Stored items
----

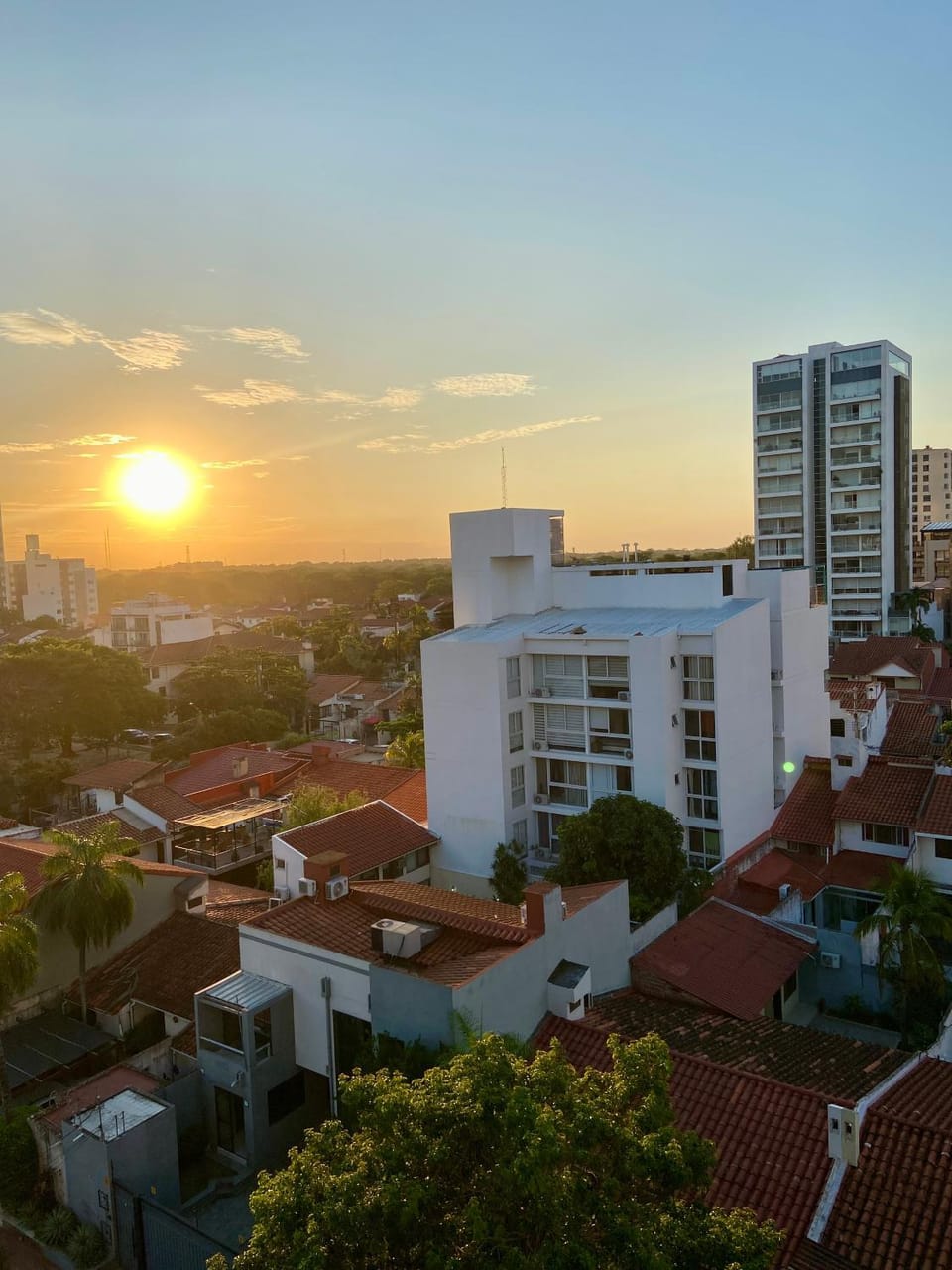 View (from property/room)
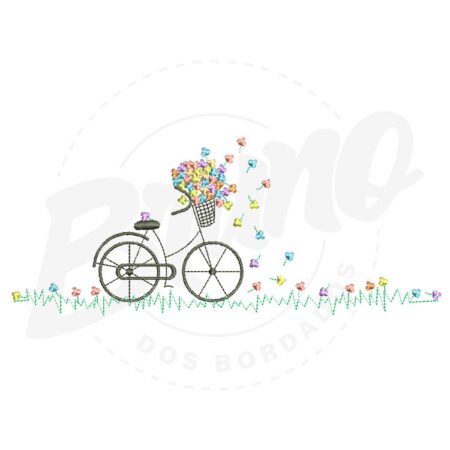MP6M038-1 MP6M038 - Bicicleta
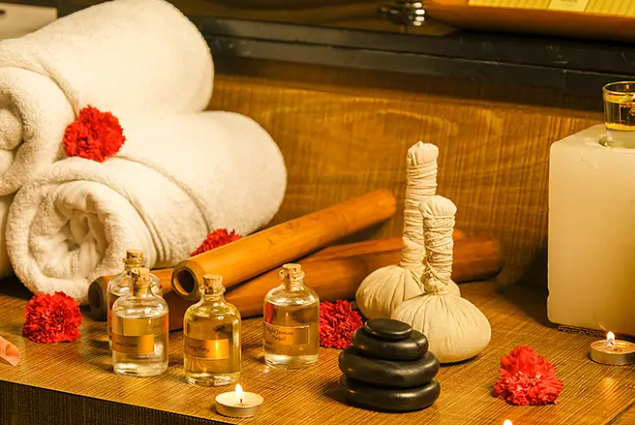 Spa Services I Spa & Saloon Services I Best Spa Services in Lahore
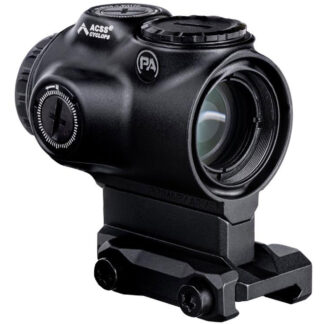 Primary Arms GLx 1X MicroPrism w/ Green Illuminated ACSS Cyclops Gen 3 Reticle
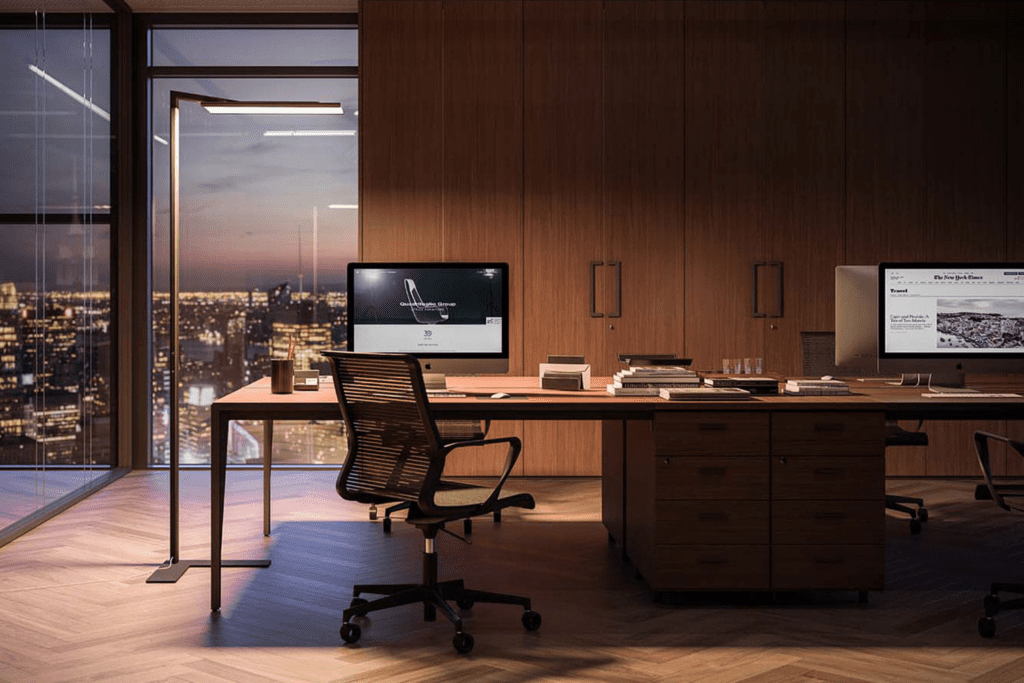 Best Floor Lamp for Office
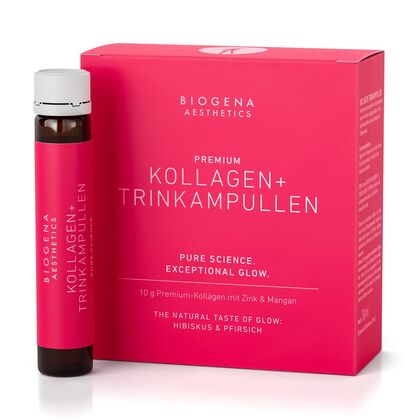 250 ML Biogena AESTHETICS Geschenkset  1 of 1 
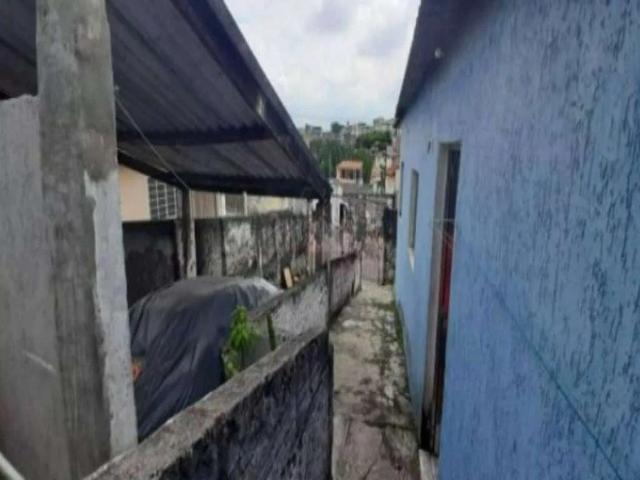 Terreno / Lote para Venda em São Paulo/SP Jardim Maringa
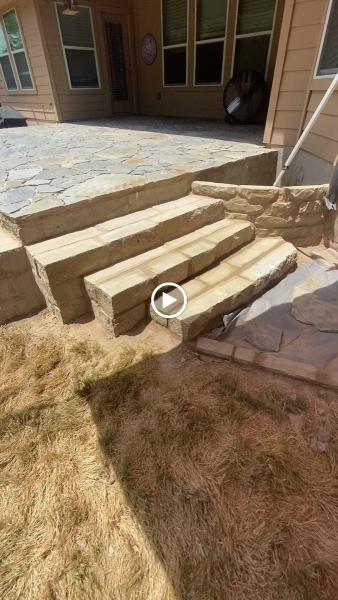 Landscape & Irrigation Masters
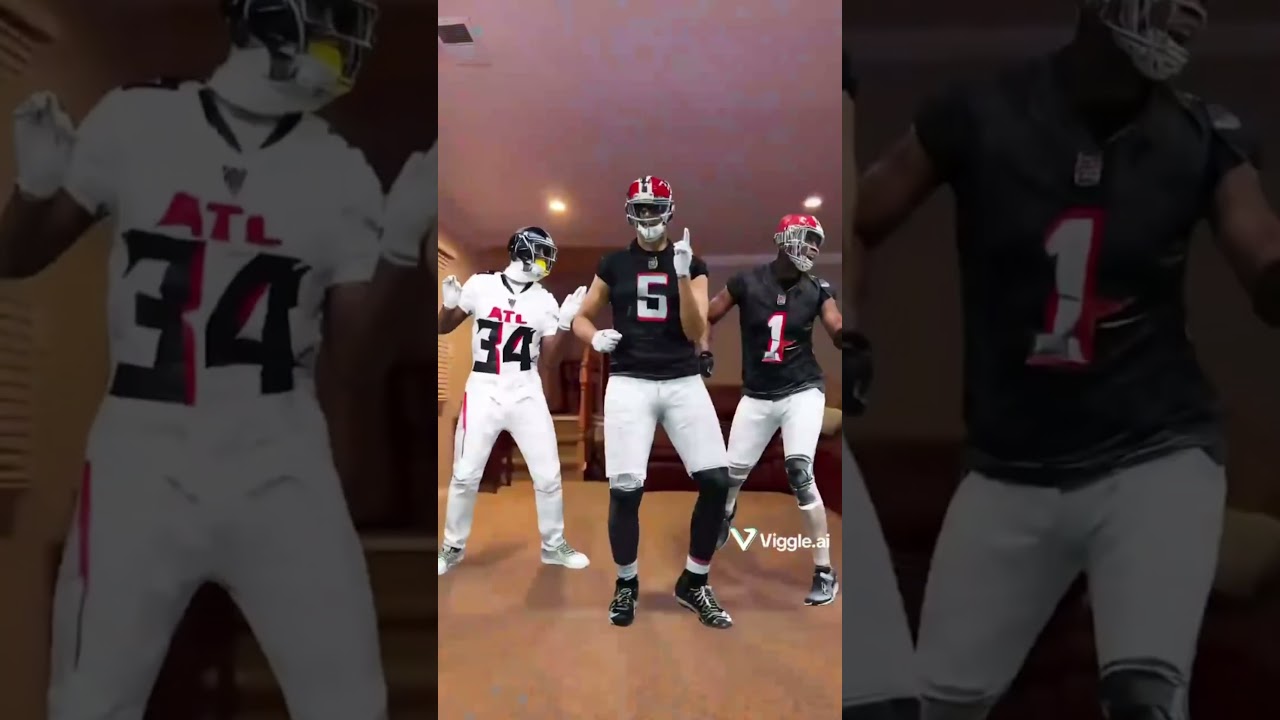 Best WR’S in the NFC South!!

----

» **WHAT YOU NEED TO DO**
The records above need retyping in full. Omit the pictures, and change nothing else.

» **REPLY TO THE EXERCISE**
 View (from property/room)
MP6M038-1 MP6M038 - Bicicleta
 Spa Services I Spa & Saloon Services I Best Spa Services in Lahore
 Primary Arms GLx 1X MicroPrism w/ Green Illuminated ACSS Cyclops Gen 3 Reticle
 Best Floor Lamp for Office
 250 ML Biogena AESTHETICS Geschenkset  1 of 1 
 Terreno / Lote para Venda em São Paulo/SP Jardim Maringa
 Landscape & Irrigation Masters
 Best WR’S in the NFC South!!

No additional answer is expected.